If I hear a "bump in the night", my plan is not to go investigate it.  My plan is to wake up, grab the gun from under my bed, rack one into the chamber with the pump - what a lovely sound that is - then close my bedroom door, call 911 on speaker, then yell:  "I have been broken into, I am in my bedroom armed with a gun, and will shoot the next person who walks through the door."

This way I just stay and hold my position, cops are on the way and know where I am in the house and that I am armed.  I really don't want to shoot anyone so I won't go looking for them.  But, I want the intruder to know what will happen if they want to come after me - and that I am not bluffing.


----------



## CMike (Nov 4, 2012)

The problem is that I have investigated all  bumps of the night none of them  have not been intruders.

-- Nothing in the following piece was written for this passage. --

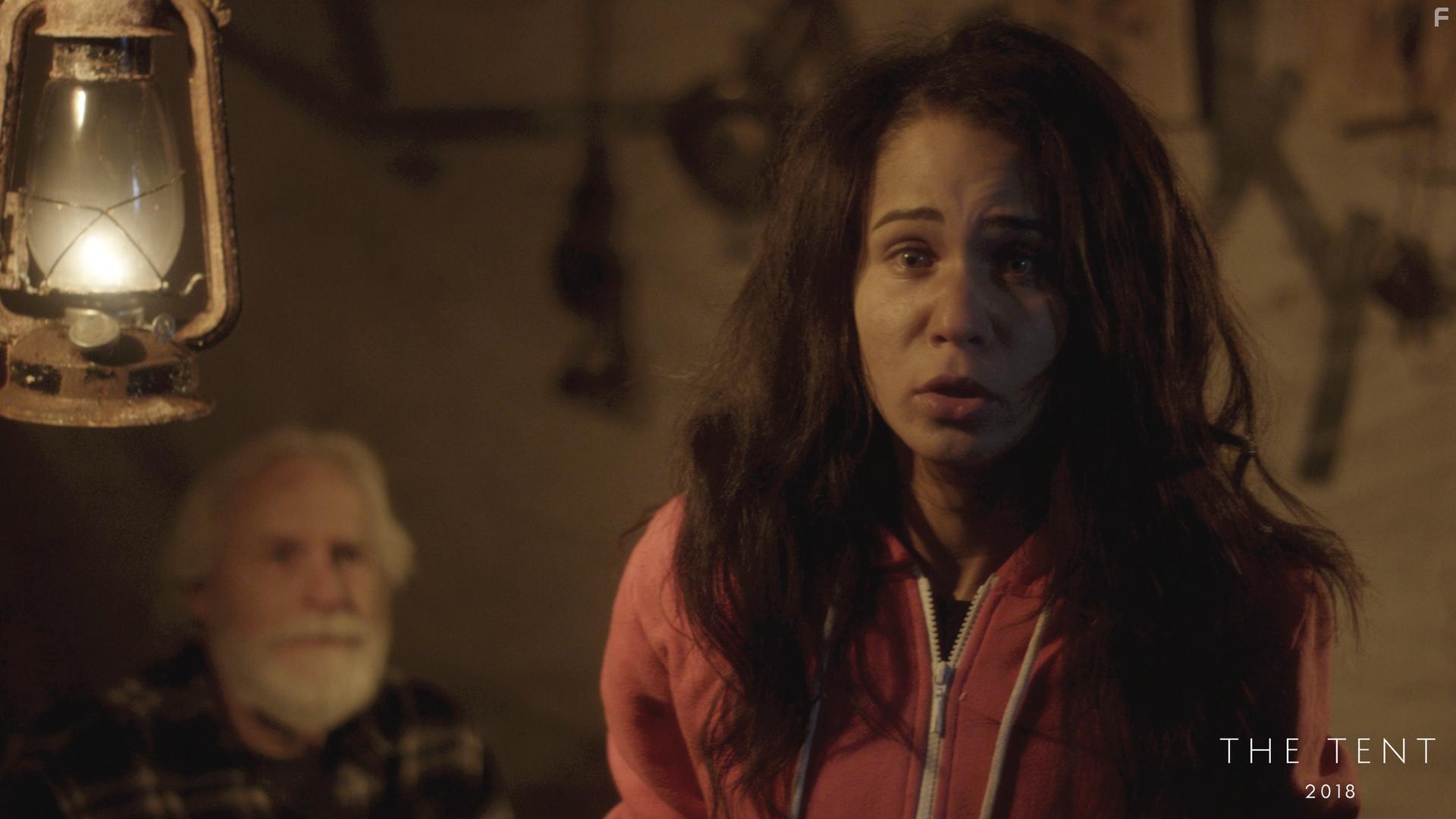 Lulu Dahl and Tim Kaiser in The Tent (2020)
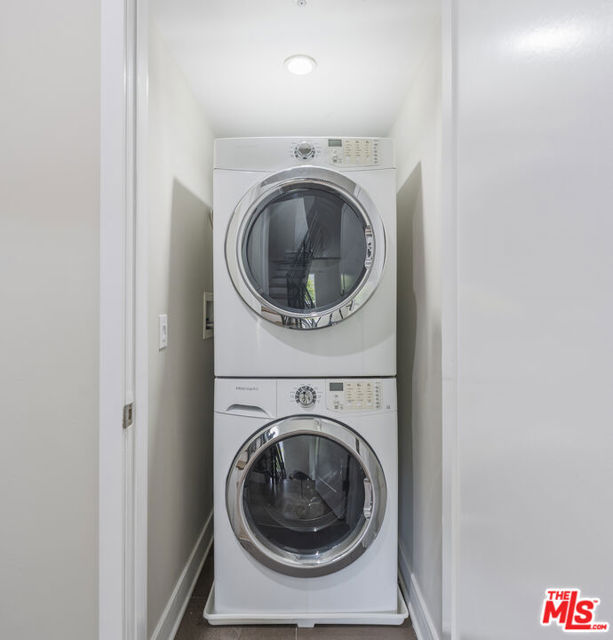 1400 N Fuller Avenue, Los Angeles CA: https://media.crmls.org/mediaz/a9a0c5b5-31eb-4491-9f1a-26126c06a6bd.jpg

Therefore I am reluctant to call the police for just hearing strange sounds.


----------



## Si modo (Nov 4, 2012)

CMike said:


> The problem is that I have investigated all  bumps of the night none of them  have not been intruders.
> 
> Therefore I am reluctant to call the police for just hearing strange sounds.


If it's enough to scare me, I'll call the cops.

I have yet to have any sound (except for the actual break in I had) make me suspect a break in.

See, that break in I had (2007 or 2008...can't recall) sort of creeped me out, so for the first time in my life, I decided to arm myself.

I was in my townhouse at that time.  Luckily I had a case of insomnia and was already awake when it happened.  The perp shattered my lowest level sliding door at 4 AM.  I was already in my kitchen (middle level) making breakfast.  My two dogs (Basset and English Setter at that time...RIP both of them, now ) started growling and by the time I turned around to tell them to shush, the crash of the shatter happened and they both went tearing downstairs.  I was on the phone with 911 in a flash.  The asshole ran away, thanks to my dogs.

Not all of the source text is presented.